Start of EXERCISE INPUTS

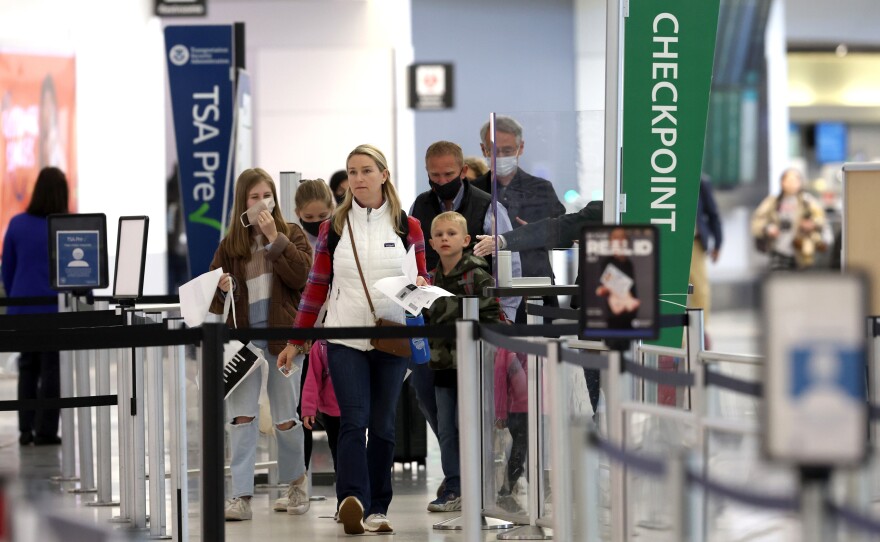 Airline passengers prepare to enter a security checkpoint at San Francisco International Airport on April 19.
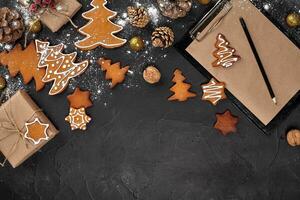 Christmas background with gingerbread cookies and craft sheets of paper. Copy space. photo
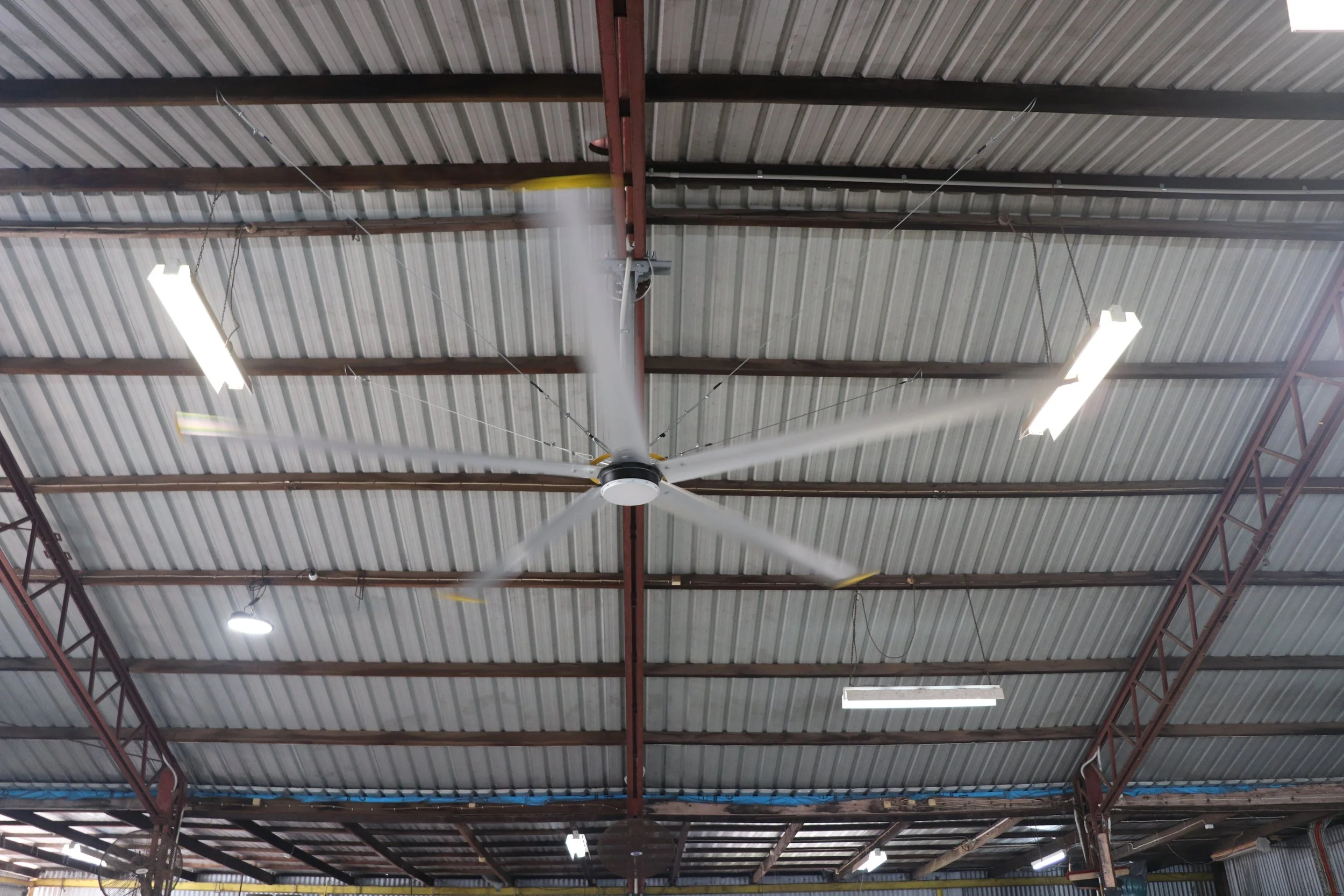View of a warehouse ceiling with metal roofing, red steel beams, fluorescent lights, and a HVLS big yellow ceiling fan.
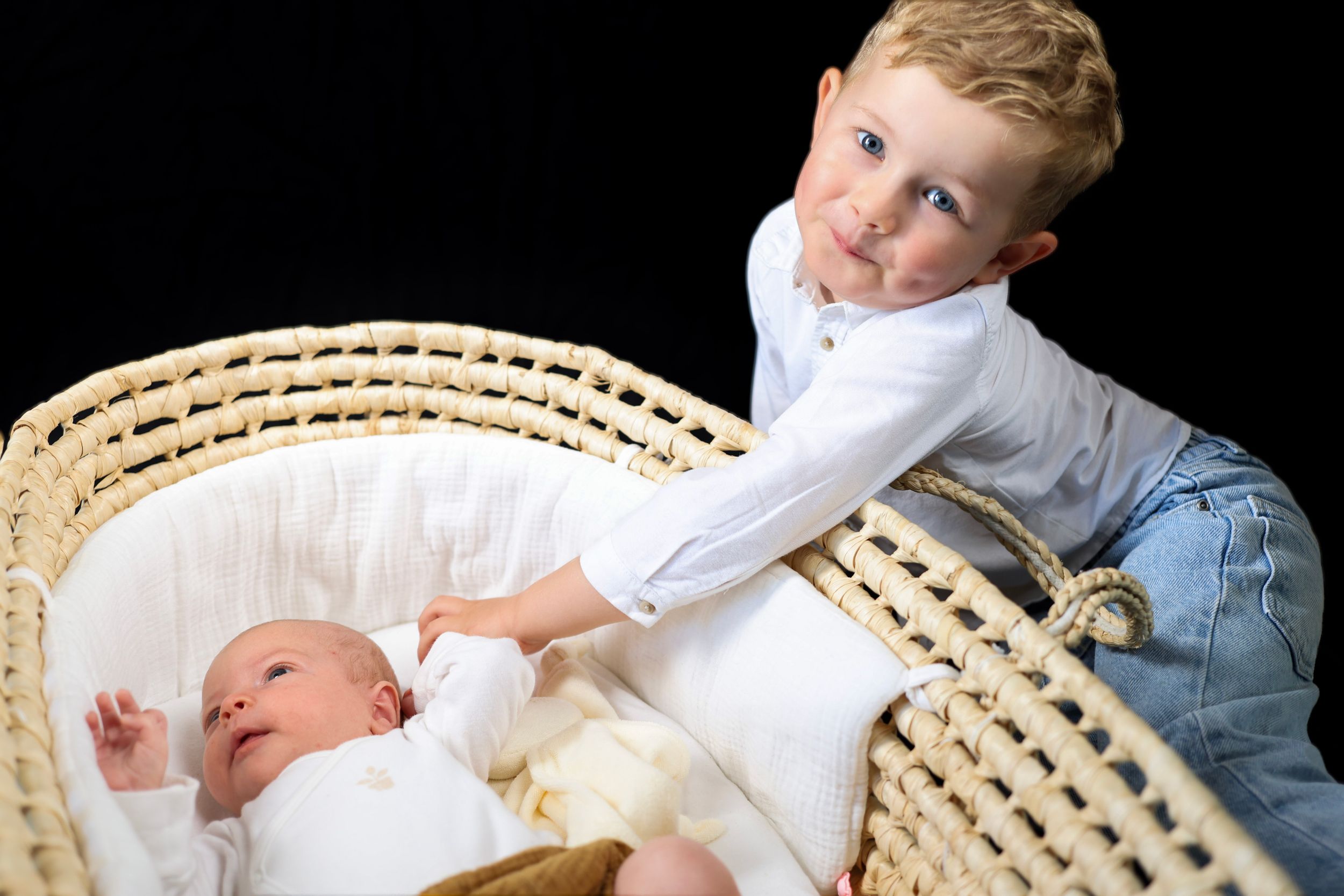 Petit garçon se penchant gentiment vers son petit frère allongé dans un couffin en osier.
Lumeria Photo Montfort sur meu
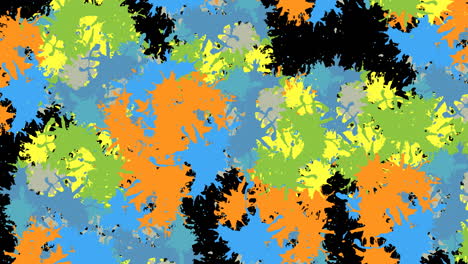 animation of multi coloured splashes of paint on black background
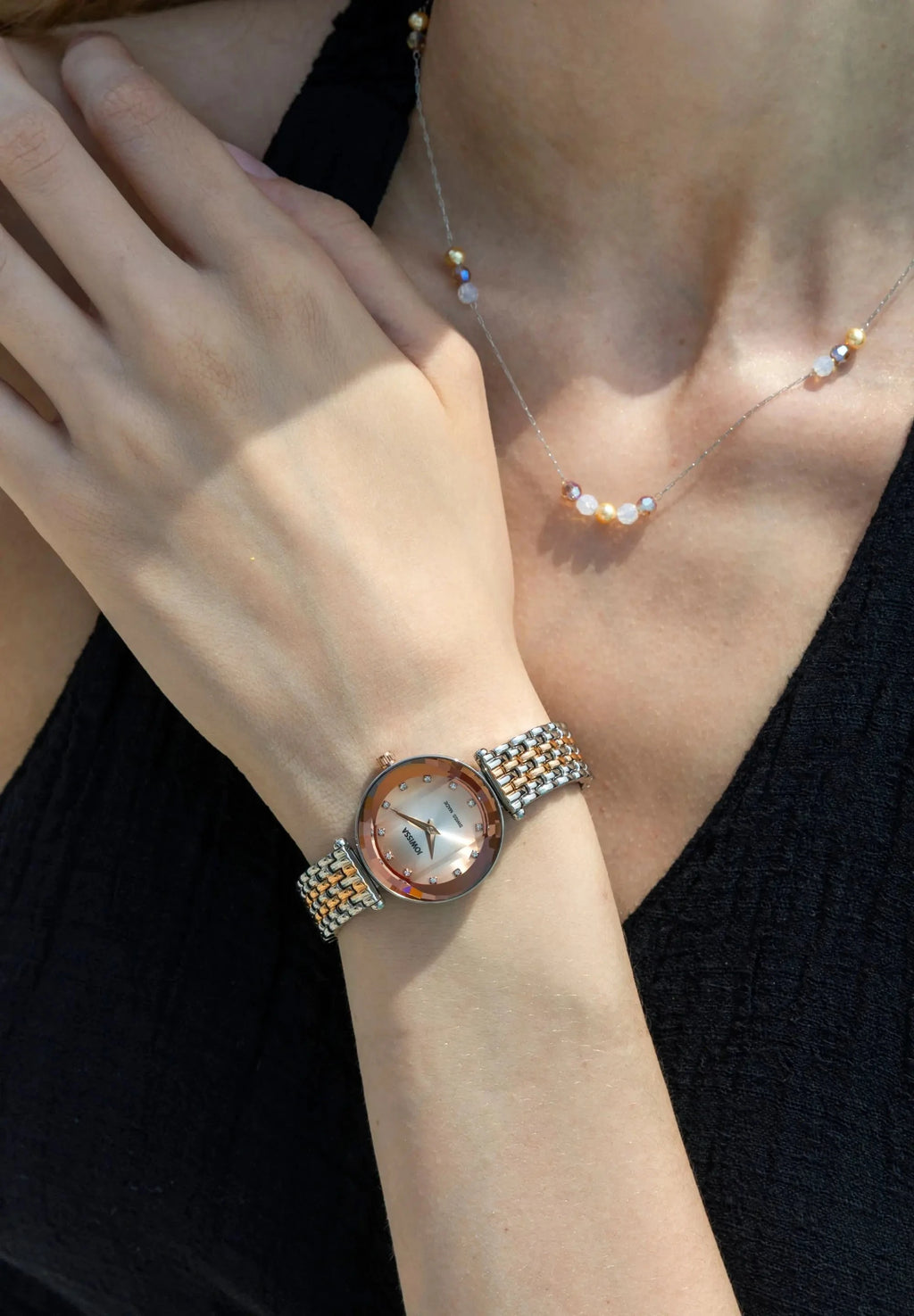 Elegant swiss ladies watch, 27mm diameter, facetted glas, degradee dial from silver to rose, bicolor braceelet and 12 rhinestones. All Swiss Made.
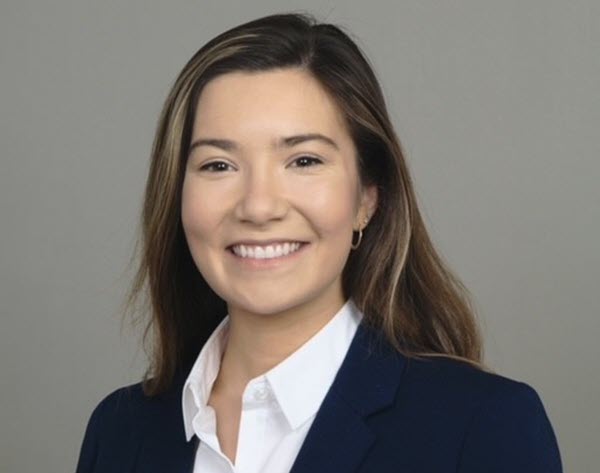 Portrait of Meghan G. showing her smiling at the camera with long, straight brown hair with blonde highlights.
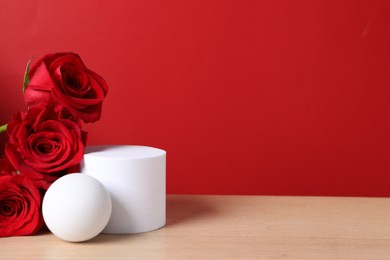 Photo of Stylish presentation for product. Beautiful roses and geometric figures on wooden table against red background, space for text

End of EXERCISE INPUTS

- [WORK ITEM]:
Exact copies of the lines from the one containing "Portrait of Meghan" through the final line of the data are required; pictures are to be omitted.

- [TASK RESPONSE]:
 Portrait of Meghan G. showing her smiling at the camera with long, straight brown hair with blonde highlights.
 Photo of Stylish presentation for product. Beautiful roses and geometric figures on wooden table against red background, space for text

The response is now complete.